If there ever were a time to sprint, Douglas, who—in a deep irony—works in advertising for a large national bank, knew that May Day would be it. As Occupy Bushwick’s “little march” began winding its route along Flushing Avenue, it picked up more protesters along the way. A partial marching band showed up. By the time the group had reached Continental Army Plaza, the protest’s ranks had grown to roughly 200 people.
The response from neighbors and bystanders was atypically and overwhelmingly positive. When Occupy Bushwick crossed a bridge over the highway, trucks beneath them honked in approval. Hands waved from windows, neighbors clapped, and bodega owners came out of their stores to chant with the demonstrators, “El pueblo unido jamás sera vencido!” One protester spoke to a police officer who reassured them she didn’t want anything bad to happen. Later, she handed that protester her card.
For many local OWS factions, May Day was just a beginning. In Manhattan, members of Occupy Bushwick met up with Occupy Astoria, Occupy Sunset Park and Occupy Red Hook. It was unexpected, but hybrid community organizations and Occupy splinter groups have thrived in the fragmentation of the larger movement.
When I ask Andrews what this kind of decentralization might mean for Occupy’s future, he pauses and takes a moment to think before answering. “I think Occupy is actually not a group of people,” he says. “It’s a tactic and it’s a set of principles. And that if you employ that tactic and adhere to those principles, you’re part of the Occupy movement.”
He continues. “That’s why after September 17, when this whole thing caught on, you had people in dozens, if not hundreds of cities across the nation, set up something in a square or park. They didn’t call us and say ’Hey, can we be part of this movement?’ They didn’t apply for membership.”
With Elected Officials On Their Side
On April 30, four City Council members, a local Democratic official, journalists and protesters filed a 143-page federal civil rights lawsuit against the NYPD for violating the constitutional rights of those present at the Occupy protests.

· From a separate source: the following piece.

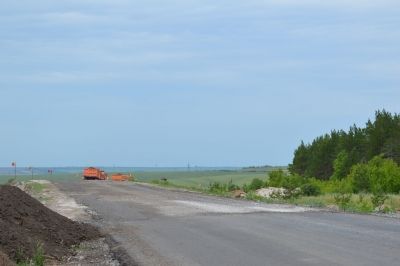 Дороги в Камско-Устьинском районе становятся не только качественнее, но и шире 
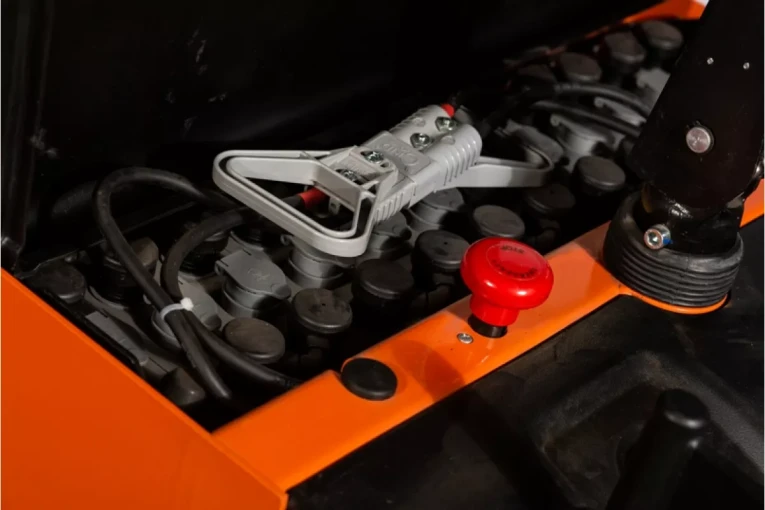 Штабелер электрический самоходный 1,5 т - 3,6 м Вилы: 1150 , АКБ Свинцово - кислотная, CL1536W SIBLINE купить в Кемерово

The impetus stemmed largely from a blundering arrest of Ydanis Rodriguez, a Council Member and the lead plaintiff on the case, back at the eviction of Zuccotti Park on November 17. While Rodriguez had been accused of resisting, he claimed he was “physically attacked by multiple officers with night sticks for no apparent reason” and was seen later bleeding from the head. Charges against Rodriguez were eventually dropped.